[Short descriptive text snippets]
★ ★ ★ ★ ★ ★ ★

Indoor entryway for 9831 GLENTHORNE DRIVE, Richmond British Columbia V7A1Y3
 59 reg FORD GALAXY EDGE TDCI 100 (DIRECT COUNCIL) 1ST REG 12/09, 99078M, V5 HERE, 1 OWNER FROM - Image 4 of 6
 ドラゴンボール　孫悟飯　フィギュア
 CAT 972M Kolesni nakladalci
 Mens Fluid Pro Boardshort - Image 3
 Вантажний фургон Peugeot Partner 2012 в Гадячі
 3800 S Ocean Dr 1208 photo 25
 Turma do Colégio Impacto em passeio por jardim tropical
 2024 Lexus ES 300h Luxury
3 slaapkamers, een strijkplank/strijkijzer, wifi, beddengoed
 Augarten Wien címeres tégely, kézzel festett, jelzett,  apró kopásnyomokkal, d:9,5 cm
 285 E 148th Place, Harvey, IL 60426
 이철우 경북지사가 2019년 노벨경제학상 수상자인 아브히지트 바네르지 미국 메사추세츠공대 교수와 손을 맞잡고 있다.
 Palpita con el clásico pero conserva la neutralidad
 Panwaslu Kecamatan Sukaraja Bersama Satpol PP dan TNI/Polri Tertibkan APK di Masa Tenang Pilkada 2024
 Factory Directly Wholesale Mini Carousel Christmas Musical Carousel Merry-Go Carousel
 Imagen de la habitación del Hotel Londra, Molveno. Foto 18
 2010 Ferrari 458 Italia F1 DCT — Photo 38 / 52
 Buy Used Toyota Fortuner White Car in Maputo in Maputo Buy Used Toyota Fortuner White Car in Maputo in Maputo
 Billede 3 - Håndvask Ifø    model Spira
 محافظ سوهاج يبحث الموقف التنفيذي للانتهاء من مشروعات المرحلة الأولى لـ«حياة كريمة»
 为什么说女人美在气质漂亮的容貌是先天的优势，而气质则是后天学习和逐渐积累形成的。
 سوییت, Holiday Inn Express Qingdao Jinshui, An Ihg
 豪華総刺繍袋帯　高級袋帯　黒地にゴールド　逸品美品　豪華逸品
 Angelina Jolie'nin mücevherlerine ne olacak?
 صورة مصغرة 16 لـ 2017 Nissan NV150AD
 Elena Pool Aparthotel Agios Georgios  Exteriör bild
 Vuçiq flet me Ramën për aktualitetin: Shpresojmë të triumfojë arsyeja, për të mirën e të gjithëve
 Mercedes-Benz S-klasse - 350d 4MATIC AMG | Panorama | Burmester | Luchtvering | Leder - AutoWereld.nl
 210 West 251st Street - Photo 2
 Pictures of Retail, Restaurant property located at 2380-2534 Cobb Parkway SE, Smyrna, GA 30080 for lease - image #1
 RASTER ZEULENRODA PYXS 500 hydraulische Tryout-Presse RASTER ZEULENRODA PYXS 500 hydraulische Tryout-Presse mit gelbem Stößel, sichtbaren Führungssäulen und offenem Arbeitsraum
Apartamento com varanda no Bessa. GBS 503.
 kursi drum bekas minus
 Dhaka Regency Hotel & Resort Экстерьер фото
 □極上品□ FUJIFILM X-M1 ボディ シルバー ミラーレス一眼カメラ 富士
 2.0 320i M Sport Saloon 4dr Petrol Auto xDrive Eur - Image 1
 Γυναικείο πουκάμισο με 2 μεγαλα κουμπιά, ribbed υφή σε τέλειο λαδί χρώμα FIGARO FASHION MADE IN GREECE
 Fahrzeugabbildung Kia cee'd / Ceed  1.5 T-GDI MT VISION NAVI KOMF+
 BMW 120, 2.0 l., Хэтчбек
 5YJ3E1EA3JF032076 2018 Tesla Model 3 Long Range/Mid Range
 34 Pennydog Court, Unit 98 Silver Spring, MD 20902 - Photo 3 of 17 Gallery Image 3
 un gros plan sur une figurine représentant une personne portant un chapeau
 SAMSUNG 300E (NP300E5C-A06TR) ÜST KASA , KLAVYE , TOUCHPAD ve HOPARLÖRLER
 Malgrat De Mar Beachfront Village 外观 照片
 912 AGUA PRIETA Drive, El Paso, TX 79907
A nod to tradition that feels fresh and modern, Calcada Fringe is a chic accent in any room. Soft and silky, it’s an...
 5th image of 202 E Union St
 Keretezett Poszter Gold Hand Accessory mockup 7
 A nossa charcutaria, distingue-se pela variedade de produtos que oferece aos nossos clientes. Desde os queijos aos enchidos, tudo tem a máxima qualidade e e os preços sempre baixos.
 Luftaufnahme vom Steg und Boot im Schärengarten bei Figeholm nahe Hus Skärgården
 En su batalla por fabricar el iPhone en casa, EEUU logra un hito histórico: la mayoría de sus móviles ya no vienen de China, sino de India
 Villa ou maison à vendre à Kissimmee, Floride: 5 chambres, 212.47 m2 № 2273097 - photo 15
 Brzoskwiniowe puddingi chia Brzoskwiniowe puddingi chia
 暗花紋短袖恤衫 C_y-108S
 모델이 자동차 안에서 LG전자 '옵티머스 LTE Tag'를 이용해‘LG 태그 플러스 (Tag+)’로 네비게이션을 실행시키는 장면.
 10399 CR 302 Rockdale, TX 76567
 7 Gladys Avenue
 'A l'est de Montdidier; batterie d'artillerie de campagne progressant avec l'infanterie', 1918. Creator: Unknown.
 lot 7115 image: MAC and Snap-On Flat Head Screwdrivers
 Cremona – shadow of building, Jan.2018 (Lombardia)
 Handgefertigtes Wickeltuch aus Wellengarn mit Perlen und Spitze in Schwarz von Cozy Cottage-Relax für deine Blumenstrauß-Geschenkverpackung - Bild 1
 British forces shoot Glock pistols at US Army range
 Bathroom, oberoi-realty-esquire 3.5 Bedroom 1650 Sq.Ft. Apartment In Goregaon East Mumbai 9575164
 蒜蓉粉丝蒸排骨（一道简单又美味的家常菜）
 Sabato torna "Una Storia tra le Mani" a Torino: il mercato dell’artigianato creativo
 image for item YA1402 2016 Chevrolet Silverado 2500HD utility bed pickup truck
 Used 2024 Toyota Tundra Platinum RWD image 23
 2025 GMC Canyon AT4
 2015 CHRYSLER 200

★ ★ ★ ★ ★ ★ ★

§ **WHAT YOU ARE ASKED TO DO**
Restate word for word the lines above, beginning at the first one and ending at the line that carries "صورة مصغرة 16 لـ 2017 Nissan NV150AD".

§ **SOLUTION TO THIS TASK**
Indoor entryway for 9831 GLENTHORNE DRIVE, Richmond British Columbia V7A1Y3
 59 reg FORD GALAXY EDGE TDCI 100 (DIRECT COUNCIL) 1ST REG 12/09, 99078M, V5 HERE, 1 OWNER FROM - Image 4 of 6
 ドラゴンボール　孫悟飯　フィギュア
 CAT 972M Kolesni nakladalci
 Mens Fluid Pro Boardshort - Image 3
 Вантажний фургон Peugeot Partner 2012 в Гадячі
 3800 S Ocean Dr 1208 photo 25
 Turma do Colégio Impacto em passeio por jardim tropical
 2024 Lexus ES 300h Luxury
3 slaapkamers, een strijkplank/strijkijzer, wifi, beddengoed
 Augarten Wien címeres tégely, kézzel festett, jelzett,  apró kopásnyomokkal, d:9,5 cm
 285 E 148th Place, Harvey, IL 60426
 이철우 경북지사가 2019년 노벨경제학상 수상자인 아브히지트 바네르지 미국 메사추세츠공대 교수와 손을 맞잡고 있다.
 Palpita con el clásico pero conserva la neutralidad
 Panwaslu Kecamatan Sukaraja Bersama Satpol PP dan TNI/Polri Tertibkan APK di Masa Tenang Pilkada 2024
 Factory Directly Wholesale Mini Carousel Christmas Musical Carousel Merry-Go Carousel
 Imagen de la habitación del Hotel Londra, Molveno. Foto 18
 2010 Ferrari 458 Italia F1 DCT — Photo 38 / 52
 Buy Used Toyota Fortuner White Car in Maputo in Maputo Buy Used Toyota Fortuner White Car in Maputo in Maputo
 Billede 3 - Håndvask Ifø    model Spira
 محافظ سوهاج يبحث الموقف التنفيذي للانتهاء من مشروعات المرحلة الأولى لـ«حياة كريمة»
 为什么说女人美在气质漂亮的容貌是先天的优势，而气质则是后天学习和逐渐积累形成的。
 سوییت, Holiday Inn Express Qingdao Jinshui, An Ihg
 豪華総刺繍袋帯　高級袋帯　黒地にゴールド　逸品美品　豪華逸品
 Angelina Jolie'nin mücevherlerine ne olacak?
 صورة مصغرة 16 لـ 2017 Nissan NV150AD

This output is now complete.